Он мог бы без труда сочинять все новые и новые, но предпочитал старинные классические сказки, особенно «Кота в сапогах». И ему не надоедало вновь и вновь описывать плутни этого словно бы ничего не стоящего кота, который благодаря хитрости и находчивости сумел выиграть для своего бедняка-хозяина принцессу и королевство. Корчак знал, что детям, чувствующим себя отверженными в обществе, которое их не ценит, ощущающим гнев и бессилие, так как родители больше их не защищают, таким детям необходимо верить в существование волшебных сил, способных помочь им преодолеть все трудности.

«Я всегда исходил из неизбежности препятствий, — писал он. — Если я путешествую по морю, должна разразиться буря. Если я руковожу каким-то проектом, все начинается с неприятностей и только в конце я добиваюсь успеха.

Ведь очень-очень скучно, если все идет гладко с самого начала…» Сказки, в которых герой или героиня в конце концов преодолевают все препятствия благодаря настойчивости и силе воли, чаровали его своей близостью к реальной жизни.

«Это правда?» — как-то спросил ребенок, когда он рассказывал сказку, в которой действовали волшебник, дракон, феи и заколдованная принцесса. Другой маленький слушатель ответил пренебрежительно: «Разве ты не слышал, как он сказал, что расскажет волшебную сказку?» Анализируя вопрос, как дети воспринимают реальность, Корчак заключил: «Сказка представляется ребенку нереальной только потому, что мы сами сказали ему, что волшебные сказки — это выдумка».

Корчака привлекала заложенная в сказках мораль — простые хорошие люди в финале вознаграждаются за доброту и благородство, а плохие караются.

Он наслаждался своей ролью рассказчика, описывая Кота в элегантных панталонах и высоких сапогах, с щегольским пером на шляпе.

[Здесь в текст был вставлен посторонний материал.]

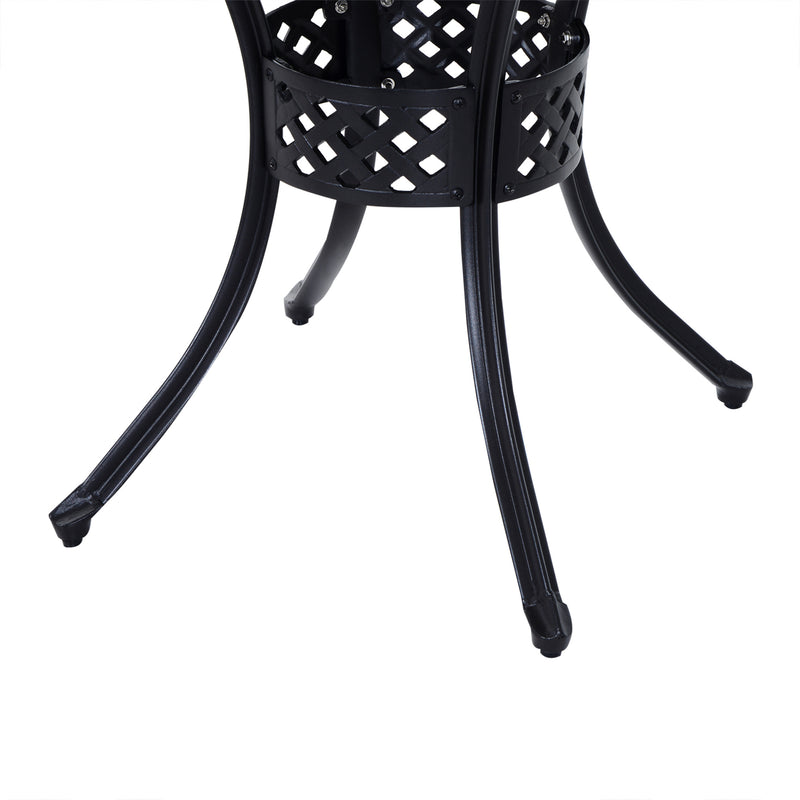 85cm Round Garden Table with Umbrella Hole, Aluminium Grid Motif Outdoor Dining Table for Garden Patio, Black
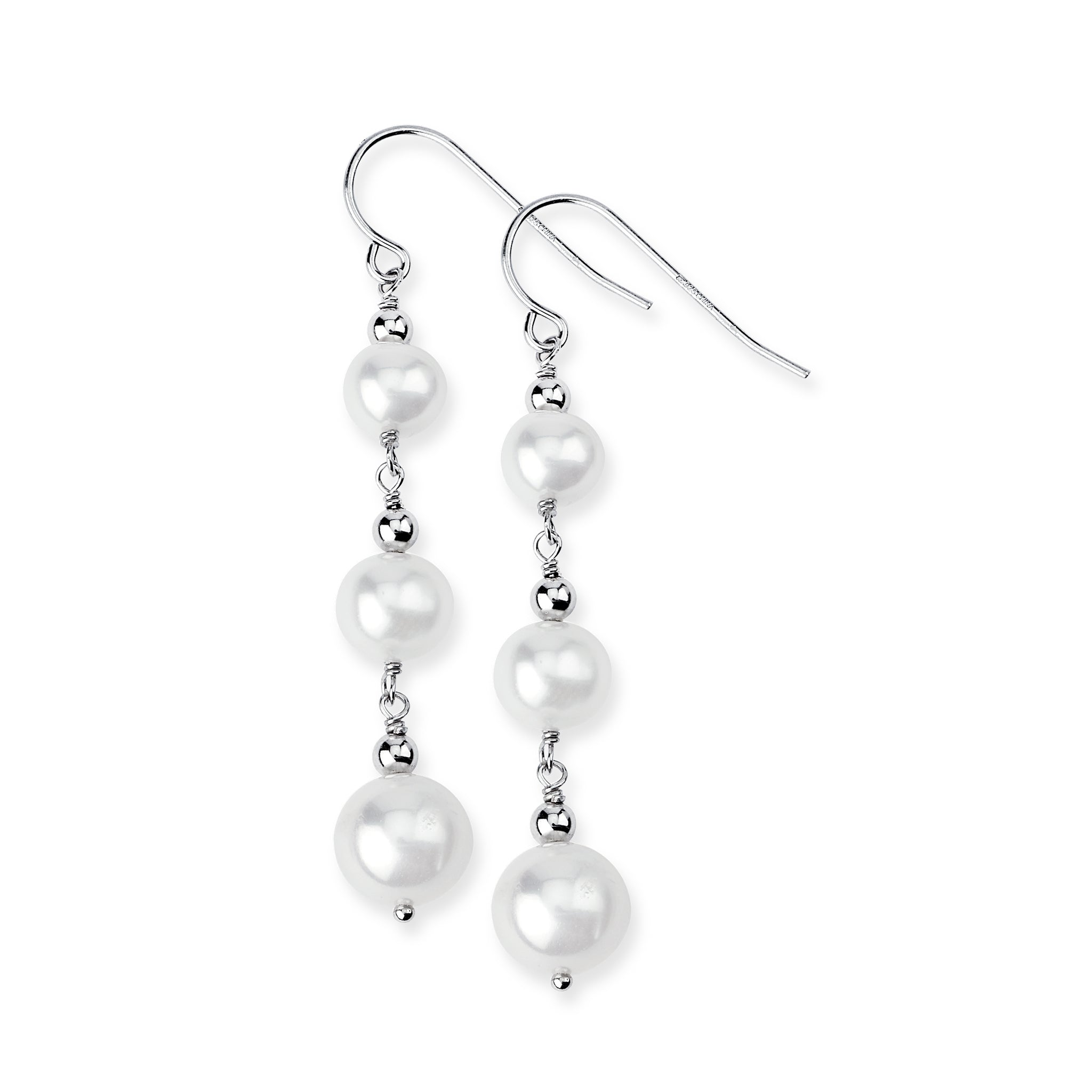 Sterling Silver Dangling White 3-Pearl Earrings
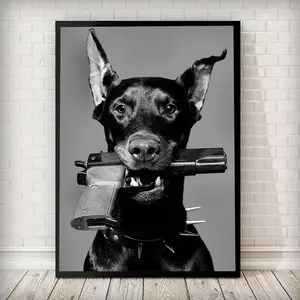 Hypebeast Modern Black White Doberman Gun Luxury Fashion Poster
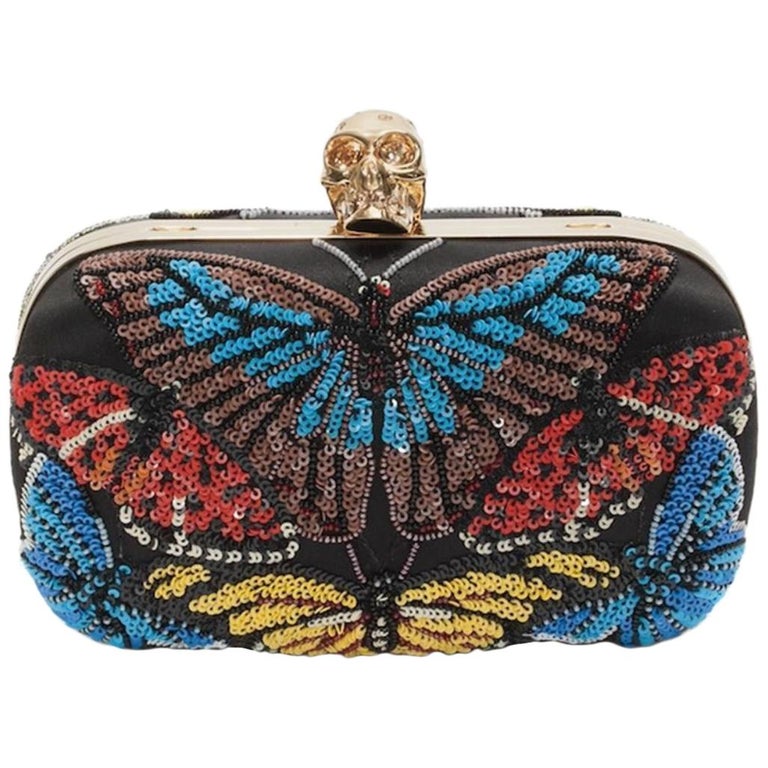 Alexander McQueen Beaded Butterfly Embroidered Classic Clutch Bag For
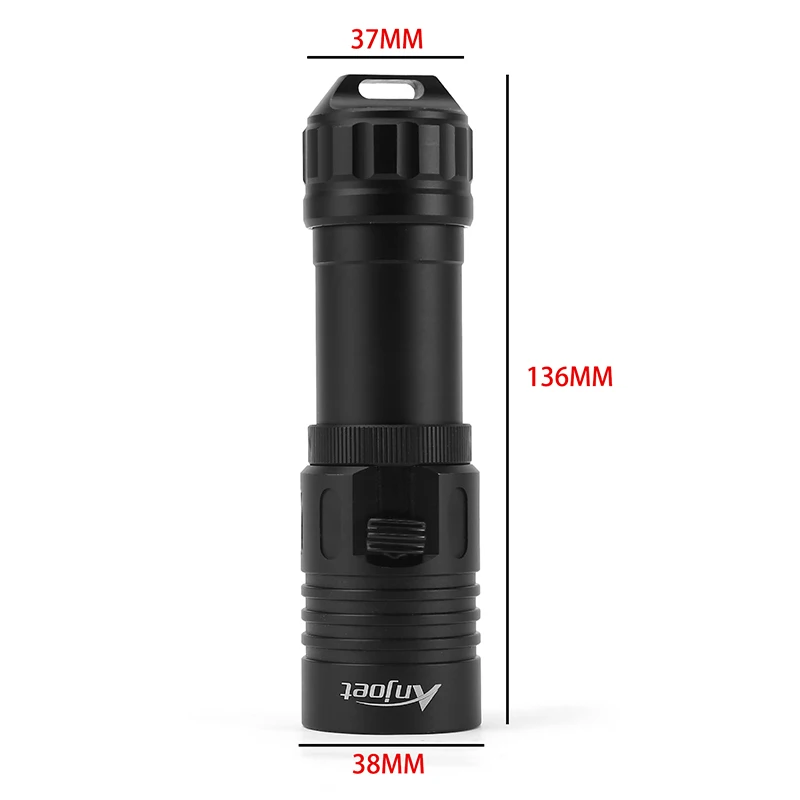 Anjoet Diving Flashlight XM-L2 1 mode lamp IPX8 Scuba lantern led Underwater Dive torch 18650 or 26650 rechargeable battery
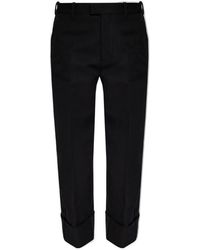 Bottega Veneta - Pleated Front Cropped Trousers - Lyst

А затем — напряжение, когда появляется карета короля с принцессой, которая позже выйдет замуж за бедного хозяина Кота. И его не огорчало, если в самом драматическом месте младшие дети засыпали. Ведь, как Корчак любил повторять, ему преподало «урок смирения» стадо овец в летнем лагере. Случилось это во время длинной прогулки, когда он уступил желанию мальчиков, потребовавших сказку. Они перессорились из-за того, кому сидеть рядом с ним, и, затаив дыхание, ловили каждое его слово. И вот, когда он дошел до самого волнующего момента, раздалось блеяние, поднимая пыль, появилось стадо овец, и Бромберг (он всегда что-нибудь терял, начиная с пуговиц) вскакивает и кричит: «Глядите — овцы!» Все мальчики тут же повскакали на ноги и побежали к стаду, забыв про сказку и рассказчика. Оставшись сидеть в одиночестве, Корчак было расстроился, но позднее понял, что ему следует поблагодарить овец, так как они помогли ему стать «менее самонадеянным, даже скромным».

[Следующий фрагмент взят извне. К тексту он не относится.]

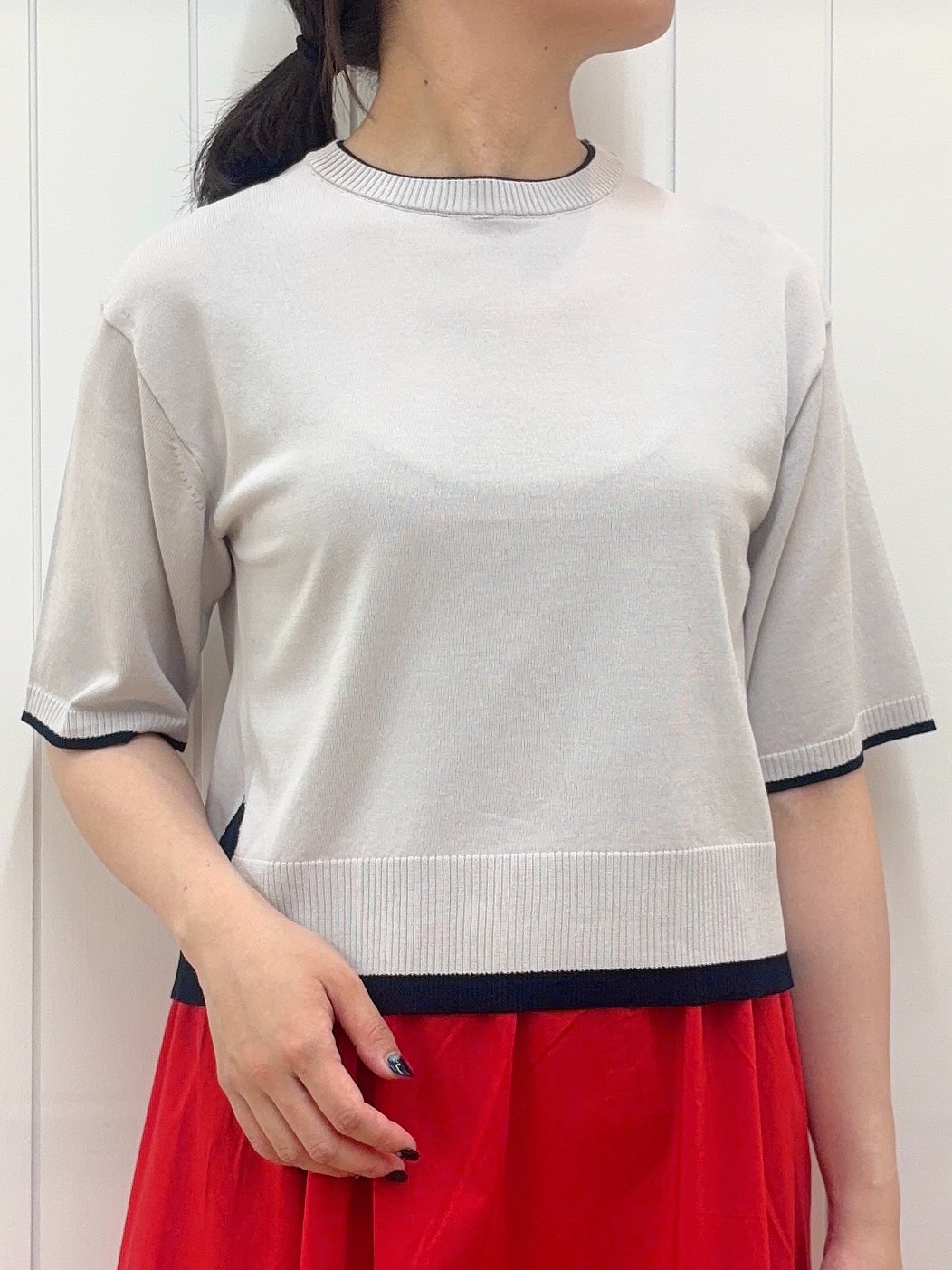 Mayaさんの「Dessin｜【洗える】バイカラーボクシーシルエットニット」を使ったコーディネート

Когда новости о прогрессивном сиротском приюте в Варшаве, экспериментирующем с самоуправлением, распространились из Польши в другие страны, Корчак обнаружил, что сверх прежних своих забот он теперь должен справляться с потоком всевозможных иностранных деятелей и педагогов, включая бригаду русских архитекторов, которые несколько дней изучали планировку здания. И все же вопреки своей славе маленькая республика не была защищена от «злобных шепотов улицы, доносящихся из-под двери».

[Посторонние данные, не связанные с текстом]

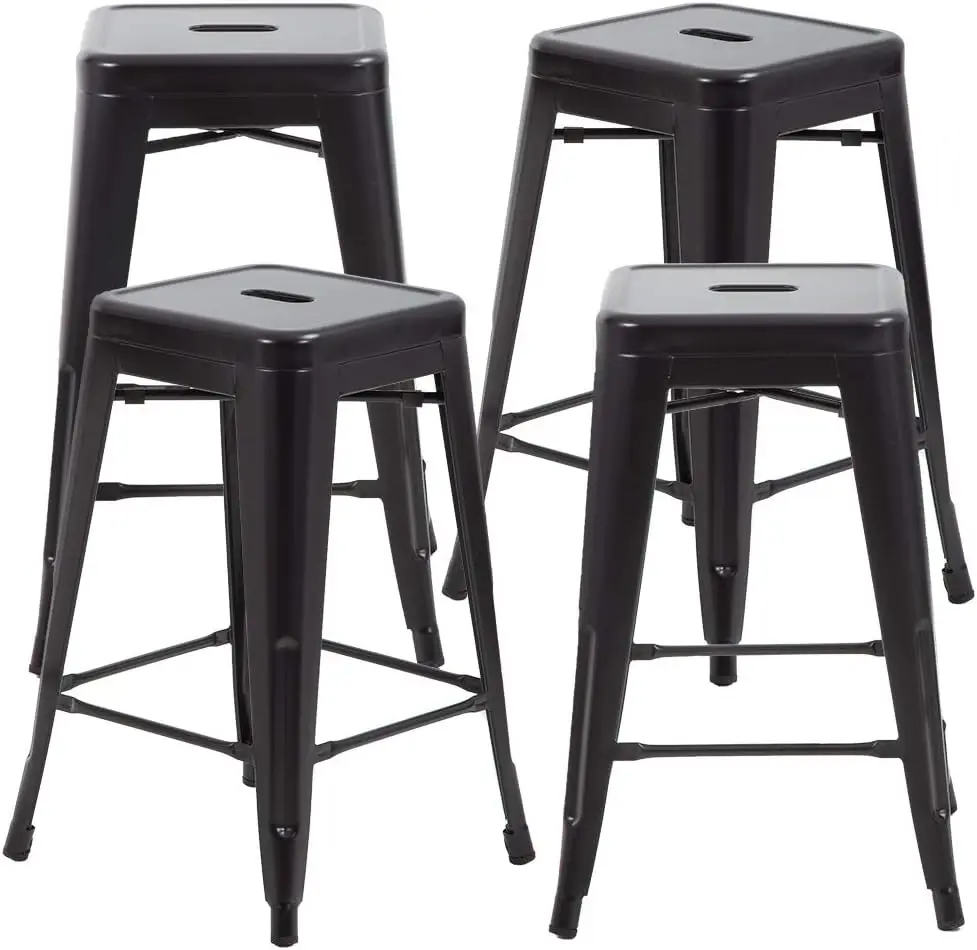 24 Inch Metal Stools Bar Stools Set Height Stackable Barstools Indoor Outdoor Dining Backless Kitchen Bar Stools Set of 4 (Black
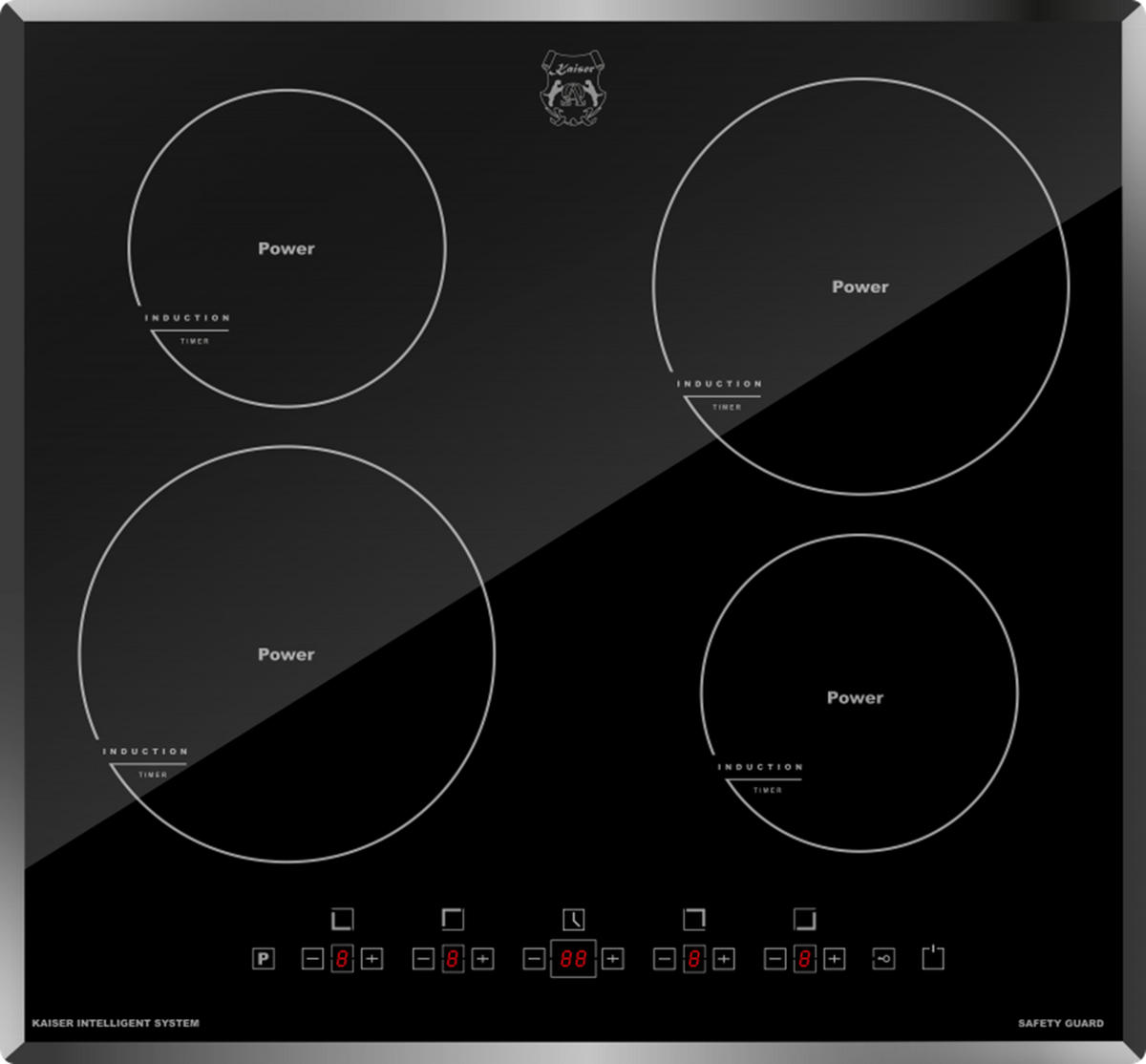 MULTIFUNKTIONS-ELEKTRO-BACKOFEN 60 cm EH 6347+KCT 6105 FI Induktionskochfeld 60 cm - Grau, Metall (59.4/59.4/57.5cm) - Kaiser Küchengeräte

В 1910 году, пока приют еще строился, происходили бурные антисемитские вспышки, провоцируемые политиками вроде Романа Дмовского, лидера правого крыла национально-демократического движения. «На берегах Вислы нет места для двух рас», — проповедовал Дмовский, подчеркивая факт, что триста тысяч варшавских евреев составляли тогда треть ее жителей. «Евреи — чуждый элемент в польском обществе, — провозглашал Дмовский, — и противники идеи национального освобождения». За чашкой кофе некий воинствующий националист сказал Корчаку тоном отчаяния: «Скажите, что мне остается делать? Евреи роют нам могилу». А другой знакомый поляк сетовал: «Ваши достоинства — это наш смертный приговор».